A Response to David Gelernter’s Attack on Evolution

One must be very careful to distinguish between what some might imagine being true from what has been demonstrated to be true empirically. Dan Tawfik has stated that all theories about the origin of new protein folds are based primarily on speculation. Ignoring the implications of hard data by appealing to speculative theories is like a trial lawyer ignoring video footage of a crime in favor of the testimony of his client’s imaginary friends.

The hard evidence points to the following:

  • Enzymes can only evolve to the extent that the structure does not change, the active site remains basically the same, and the catalyzed chemistry is similar. Tawfik labeled these changes as micro-transitions.
  • Evolving a new protein fold requires an evolving gene to pass through regions of sequence space without any function.
  • A straightforward mathematical analysis of studies on the effect of random mutations on protein stability/function demonstrates that sequences corresponding to functional proteins are exceedingly rare.

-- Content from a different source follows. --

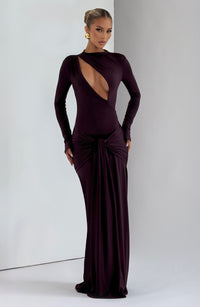 Samara Maxi Dress – Plum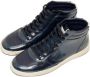 Philippe Model Blauwe Hoge Leren Sneakers Originele Stijl Blauw Dames - Thumbnail 3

The analysis of protein rarity is now much more accessible to the public. Doug Axe’s 2004 JMB article was extremely difficult to understand by anyone who was not an expert in the field. Consequently, critiques of his work could use erroneous arguments, and the public was powerless to identify the errors:

In contrast, Tawfik’s experiments can much more easily be interpreted. For instance, roughly half of all beta-lactamase mutants with three random amino acid changes are still functional. That change corresponds to a 1% alteration in the initial sequence. And, nearly all mutants with 10% of the sequence randomly altered are nonfunctional. In comparison, a 10% change in the letters of a short paragraph is still largely readable. Therefore, functional protein sequences are rarer than readable English paragraphs.

In addition, a large proportion of proteins consist of combinations of a limited number of domains just as a limited number of words are used in most sentences. This pattern was described by Scaiewicz and Levitt, and they identified numerous other similarities between protein sequences and human language including syntax, semantics, grammar, and the importance of context.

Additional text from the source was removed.